Both Amazon and Walmart are “willing to lose money in certain categories, and it’s got to be difficult for anyone in those categories,” says Wharton marketing professor David Bell, who points out that the two giants have been moving into the same space for some time — including one well-documented skirmish. In his book, The Everything Store: Jeff Bezos and the Age of Amazon, Brad Stone tells the story of how Amazon and Walmart both wooed Quidsi, the start-up behind Diapers.com. Amazon won, though not until Bezos engaged in some rather ruthless tactics. (The book, by the way, lists on Amazon.com for $17.47, a 38% discount off the publisher list price.)

But Nemer cautions against underestimating Walmart, which now has five million items for sale on its website (including Stone’s book on Bezos for $16.80, a 40% discount below cover price). “The competition between Amazon and Walmart is still not really appreciated by a lot of people,” he says. “Most folks think Amazon has a huge lead, and are not aware [that] Walmart plans to continue expanding in this area. If you ask most people how many employees Walmart has in online, they will say a number in the tens or maybe hundreds. It’s in the thousands. They are making great progress — they already have.”

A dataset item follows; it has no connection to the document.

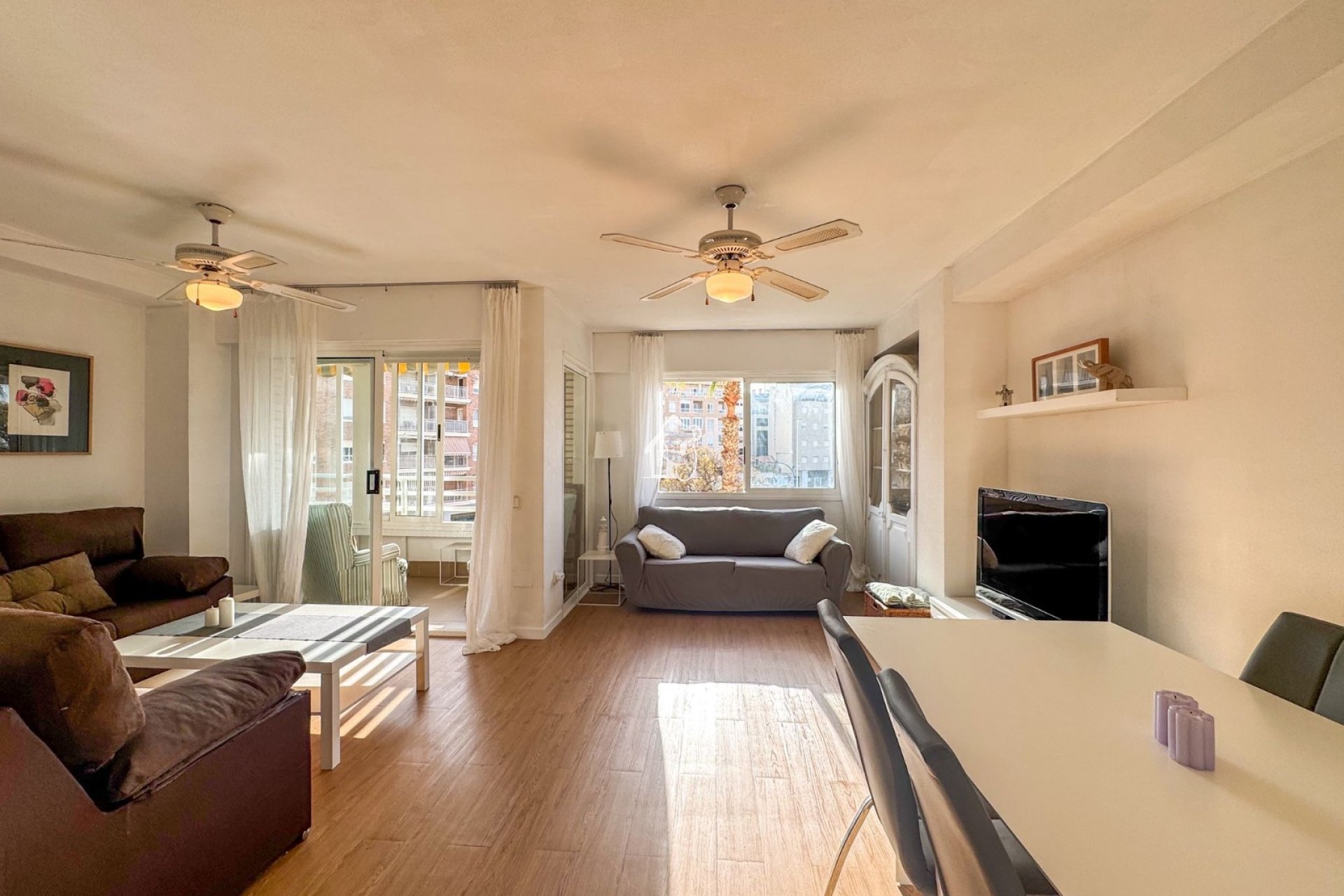 Lange Termijn Verhuur - Appartement / flat - Torrevieja - Centro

To Nemer, the biggest thing that Walmart lacks is a loyalty program like Prime. “Amazon’s strength is Prime. It drives your frequency on Amazon. So the trick for Walmart is to do a loyalty program, and I think they are working on it. This is the one thing that could change the shape of the curve.”

For the entire sector, Stephens describes what is playing out now as nothing short of epochal. “We are coming off this 50- to 60-year period where if your business had a relatively good product and a decent location, good prices and not a bad marketing program, you could make money,” he notes. “You controlled the path of purchase, and the customer didn’t have an alternative. Clearly we are not in that world anymore. Customers have a wealth of options in their pocket. And I think we are going to continue to see fallout…. With every move of Walmart or Amazon going into a different category, you are going to continue to see damage.”